Recent decades have seen tremendous progress in quantitative understanding of phonon transport, which is critical for the thermal management of various functional devices and the proper optimization of thermoelectric materials. In this work, using a first-principles based calculation combined with the non-equilibrium Green’s function and a phonon Boltzmann transport equation, we provide a systematic study of the phonon stability and phonon transport of a monolayer boron sheet with a honeycomb, graphene-like structure (graphene-like borophene) in both ballistic and diffusive regimes. For free-standing graphene-like borophene, phonon instabilities occur near the centre of the Brillouin zone, implying elastic instability. Investigation of the electronic structures shows that the phonon instability is due to the deficiency of electrons. Our first-principles results show that with net charge doping and in-plane tensile strain, graphene-like borophene becomes thermodynamically stable in ideal planar nature, because the bonding characteristic is modified.
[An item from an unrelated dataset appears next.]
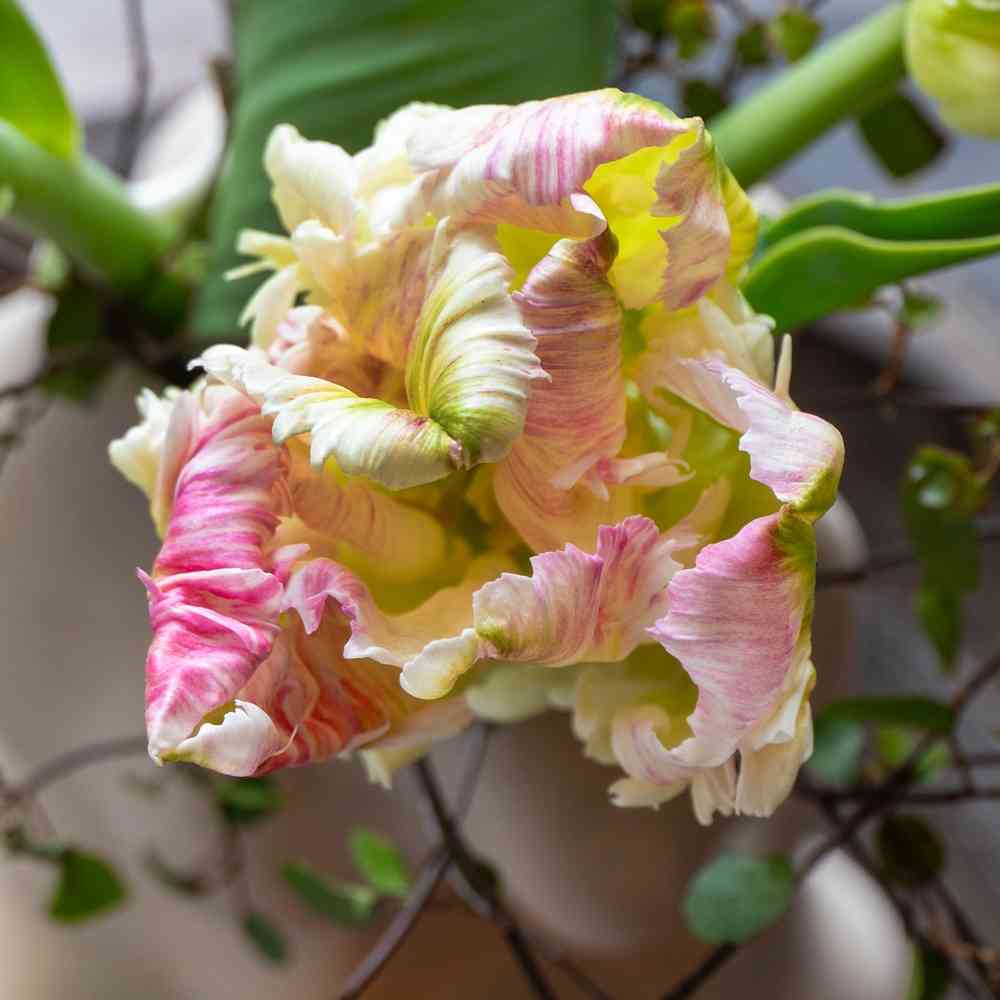 Papegojtulpan 'Cabbana'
At room temperature, the ballistic thermal conductance of graphene-like borophene (7.14 nWK−1 nm−2) is higher than that of graphene (4.1 nWK−1 nm−2), due to high phonon transmission. However, its diffusive thermal conductivity is two orders of magnitude lower than graphene, because the phonon relaxation time is dramatically reduced compared with its carbon counterpart. Although the phonon group velocity and phonon anharmonicity are comparable with those of graphene, the suppressed phonon space results in dramatically strong phonon–phonon scattering. These thermal transport characteristics in both ballistic and diffusive regimes are of fundamental and technological relevance and provide guidance for applications of boron-based nanomaterials in which thermal conduction is the major concern.